→ **Assignment**
Repeat exactly the lines below from the line that contains "220 Parkview Drive, Kingsley, MI 49649" to the last line, inclusive, without the pictures.

→ **Provided data**
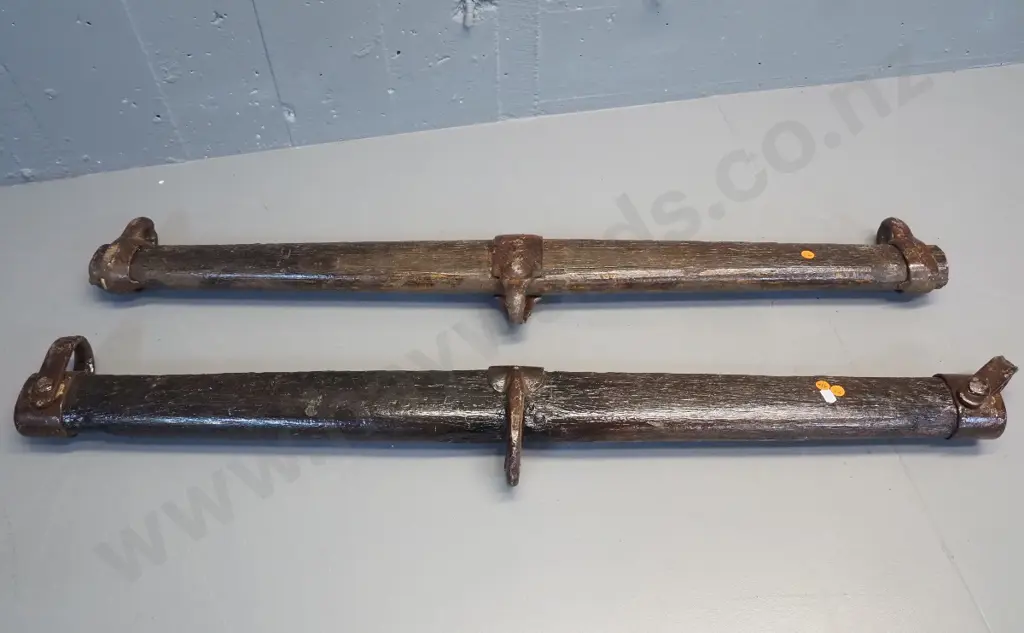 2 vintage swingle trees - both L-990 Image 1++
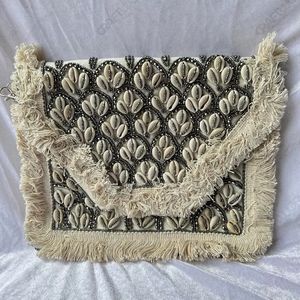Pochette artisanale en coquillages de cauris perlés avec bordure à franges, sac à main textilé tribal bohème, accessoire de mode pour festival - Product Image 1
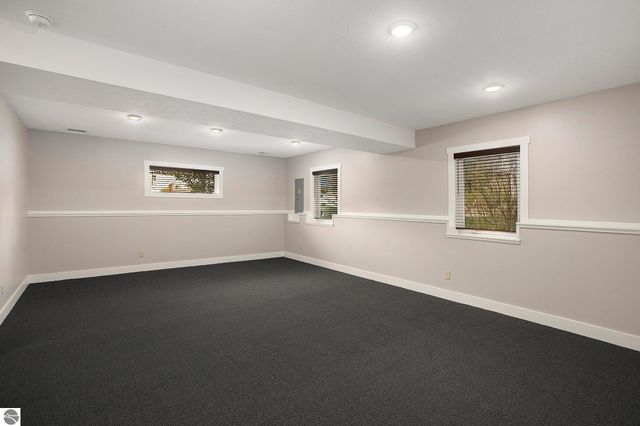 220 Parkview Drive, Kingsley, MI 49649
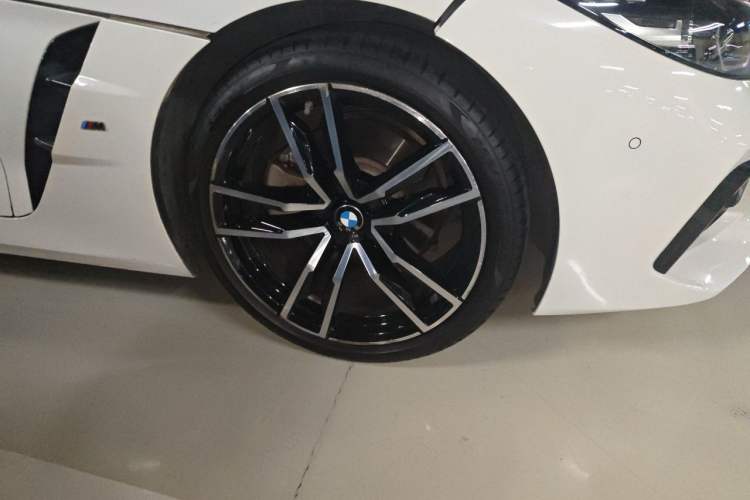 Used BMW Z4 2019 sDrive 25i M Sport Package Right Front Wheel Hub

→ **Exercise response**
 220 Parkview Drive, Kingsley, MI 49649
 Used BMW Z4 2019 sDrive 25i M Sport Package Right Front Wheel Hub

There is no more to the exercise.